◆ TASK DIRECTIONS:
Reproduce the entries exactly. Omit none of them.

◆ Short text fragments from websites:
————

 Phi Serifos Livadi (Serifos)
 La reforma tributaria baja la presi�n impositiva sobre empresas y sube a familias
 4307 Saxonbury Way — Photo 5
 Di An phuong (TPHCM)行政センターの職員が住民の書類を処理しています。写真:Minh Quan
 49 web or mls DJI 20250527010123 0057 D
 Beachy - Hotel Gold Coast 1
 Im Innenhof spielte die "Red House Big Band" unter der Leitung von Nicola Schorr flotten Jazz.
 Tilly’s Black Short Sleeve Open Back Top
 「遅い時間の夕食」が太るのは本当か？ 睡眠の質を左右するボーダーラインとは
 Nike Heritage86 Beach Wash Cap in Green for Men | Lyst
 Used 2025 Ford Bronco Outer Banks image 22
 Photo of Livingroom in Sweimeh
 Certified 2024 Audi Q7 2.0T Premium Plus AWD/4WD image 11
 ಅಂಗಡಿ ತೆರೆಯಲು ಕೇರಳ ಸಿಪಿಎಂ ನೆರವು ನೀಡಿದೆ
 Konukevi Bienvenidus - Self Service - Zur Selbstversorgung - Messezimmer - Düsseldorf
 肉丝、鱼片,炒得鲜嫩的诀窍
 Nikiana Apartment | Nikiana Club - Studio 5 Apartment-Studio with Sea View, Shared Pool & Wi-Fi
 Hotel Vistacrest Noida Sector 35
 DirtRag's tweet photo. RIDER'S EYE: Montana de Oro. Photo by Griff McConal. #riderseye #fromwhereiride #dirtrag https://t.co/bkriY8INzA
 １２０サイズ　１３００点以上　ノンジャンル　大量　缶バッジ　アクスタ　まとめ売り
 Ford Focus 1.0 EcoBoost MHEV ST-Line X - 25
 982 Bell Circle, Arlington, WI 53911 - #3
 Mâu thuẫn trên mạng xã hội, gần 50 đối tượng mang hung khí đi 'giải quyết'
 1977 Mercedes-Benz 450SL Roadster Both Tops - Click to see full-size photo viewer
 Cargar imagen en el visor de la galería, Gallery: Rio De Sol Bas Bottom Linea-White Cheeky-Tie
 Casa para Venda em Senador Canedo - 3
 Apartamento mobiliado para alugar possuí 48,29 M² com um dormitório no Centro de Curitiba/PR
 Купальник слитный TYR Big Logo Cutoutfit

————

◆ WRITTEN REPLY:
 Phi Serifos Livadi (Serifos)
 La reforma tributaria baja la presi�n impositiva sobre empresas y sube a familias
 4307 Saxonbury Way — Photo 5
 Di An phuong (TPHCM)行政センターの職員が住民の書類を処理しています。写真:Minh Quan
 49 web or mls DJI 20250527010123 0057 D
 Beachy - Hotel Gold Coast 1
 Im Innenhof spielte die "Red House Big Band" unter der Leitung von Nicola Schorr flotten Jazz.
 Tilly’s Black Short Sleeve Open Back Top
 「遅い時間の夕食」が太るのは本当か？ 睡眠の質を左右するボーダーラインとは
 Nike Heritage86 Beach Wash Cap in Green for Men | Lyst
 Used 2025 Ford Bronco Outer Banks image 22
 Photo of Livingroom in Sweimeh
 Certified 2024 Audi Q7 2.0T Premium Plus AWD/4WD image 11
 ಅಂಗಡಿ ತೆರೆಯಲು ಕೇರಳ ಸಿಪಿಎಂ ನೆರವು ನೀಡಿದೆ
 Konukevi Bienvenidus - Self Service - Zur Selbstversorgung - Messezimmer - Düsseldorf
 肉丝、鱼片,炒得鲜嫩的诀窍
 Nikiana Apartment | Nikiana Club - Studio 5 Apartment-Studio with Sea View, Shared Pool & Wi-Fi
 Hotel Vistacrest Noida Sector 35
 DirtRag's tweet photo. RIDER'S EYE: Montana de Oro. Photo by Griff McConal. #riderseye #fromwhereiride #dirtrag https://t.co/bkriY8INzA
 １２０サイズ　１３００点以上　ノンジャンル　大量　缶バッジ　アクスタ　まとめ売り
 Ford Focus 1.0 EcoBoost MHEV ST-Line X - 25
 982 Bell Circle, Arlington, WI 53911 - #3
 Mâu thuẫn trên mạng xã hội, gần 50 đối tượng mang hung khí đi 'giải quyết'
 1977 Mercedes-Benz 450SL Roadster Both Tops - Click to see full-size photo viewer
 Cargar imagen en el visor de la galería, Gallery: Rio De Sol Bas Bottom Linea-White Cheeky-Tie
 Casa para Venda em Senador Canedo - 3
 Apartamento mobiliado para alugar possuí 48,29 M² com um dormitório no Centro de Curitiba/PR
 Купальник слитный TYR Big Logo Cutoutfit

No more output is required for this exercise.